Não que a gente deva ficar com peninha desta comédia romântica e ir vê-la só por ser brasileira, como se assim a gente cumprisse com nosso dever cívico. “Lisbela” custou R$ 4,5 mi, o que deve ser gorjeta de personal trainer de produtor de Hollywood, mas que é uma grana considerável pros padrões daqui. Foi dirigido por Guel Arraes, que é, já faz tempo, o nome mais aclamado da TV. Está sendo lançado no país em grande escala, com distribuição da Globo Filmes e da Fox, em 220 salas. Ou seja, é quase uma tentativa de arrasa-quarteirão. E a história é fofinha. Nada original, mas fofinha. É sobre a Débora Falabella, uma donzela que adora cinema e que acaba se apaixonando pelo Selton Mello, um aventureiro meio cafajeste que vai de cidadezinha em cidadezinha arrebatando corações. Numa delas, ele conhece biblicamente a Virginia Cavendish, despertando a ira de seu marido, um matador de aluguel interpretado pelo Marco Nanini. Mais ou menos isso. Parece que a trama de Osman Lins foi um especial televisivo no início da década passada (a Giulia Gam fez Lisbela), que depois virou peça com a Virgínia, mulher do Guel, no papel-título.
O que “Lisbela” tem de mais gracioso, além da trilha sonora – a voz do Caetano é sempre lírica –, é a homenagem que faz ao cinema. Quem é cinéfilo sente-se compelido a aprovar o filme. Mas, apesar do quê de “A Rosa Púrpura do Cairo”, a comédia corre o risco de deseducar o público. Então eu queria esclarecer: querido espectador, só porque a Lisbela conversa animadamente no cinema, isso não quer dizer que você deve fazer o mesmo. No filme, ela comenta as sessões que assiste, mas entenda, isso é um recurso narrativo.
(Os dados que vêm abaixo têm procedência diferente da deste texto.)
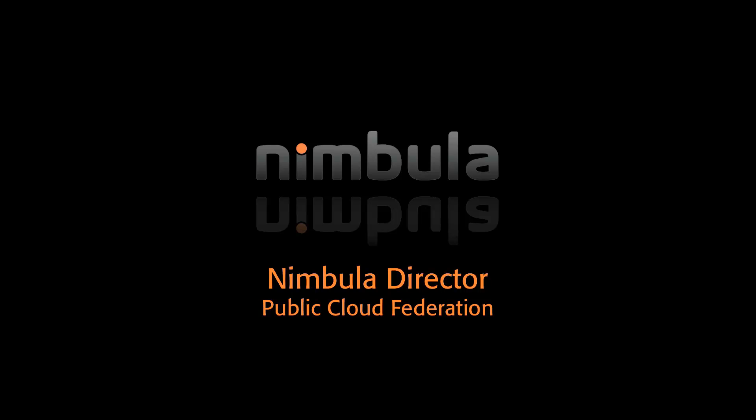This video is a continuation of our Nebula Director video series. In this segment, we'll demonstrate Nebula Director's ability to federate workloads into public clouds.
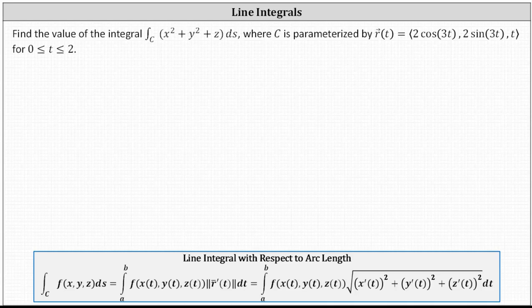Find the value of the line integral along the curve C of x squared plus y squared plus z ds, where C is parameterized by r of t, and t is on the closed interval from 0 to 2. Notice the line integral is given with respect to arc length, given by ds.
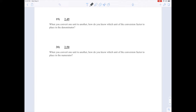Questions 19 and 20 in Chapter 2 are asking in a sort of abstract way how using conversion factors to do conversions works. I think it'll be clearest if we use an example to illustrate what's happening here.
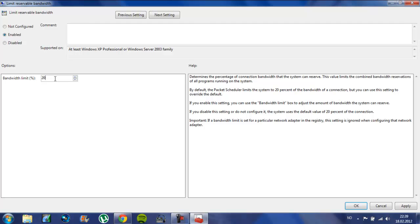You want to take it to 5 or 0, but I want to take it to 5, because if you take it too low, it will actually slow down your internet connection on your Xbox or PS3.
Ia ficar estranho se ela analisasse as cenas só na saída. Pelamordedeus, o comportamento dela não justifica o de mais ninguém. Sugiro até que Lisbela vire sinônimo da galera tagarela. A partir de hoje, recomendo que a gente olhe pro grandalhão que atende o celular no meio de um filme ou que não pára de narrar os fatos pra namorada e grite, em coro: “Cala a boca, Lisbela!”.
Aliás, essa verborragia é minha maior queixa ao filme. “Lisbela” beira o exercício repentista, quase um cinema de cordel. Os atores, todos ótimos, sem exceção, gastam saliva falando demais. O único personagem mais caladão, o do Nanini, é o que se sai melhor. Tem uma hora que a Vírginia diz num sotaque pernambucano: “Tu só qué sabê di conversá”. Seria bom se o Guel tivesse entendido o recado e cortado um pouquinho os diálogos, deixando que a gente aproveitasse mais as imagens. Não é à toa que a fala mais divertida é também a mais curtinha, quando Selton Mello dispara um “de novo”.
Pode ser que esse excesso de palavras (ou o de edição) seja o que torne “Lisbela” um tanto cansativo lá pelo meio. Mas o terço final é redentor, e qualquer filme livre, leve e solto que termine com uma música cantarolando “Amor é filme e Deus é espectador” já tem todo o meu apoio. Agora, convém registrar a crítica de Cláudio Assis, diretor de “Amarelo Manga”. Ele reclama que o governador de Pernambuco foi ver a estréia de “Lisbela” em SP, mas faltou à exibição de “Amarelo” em pleno Recife. O que determina essa distinção, só o poder da Globo Filmes? Tomara que “Amarelo Manga” também passe aqui.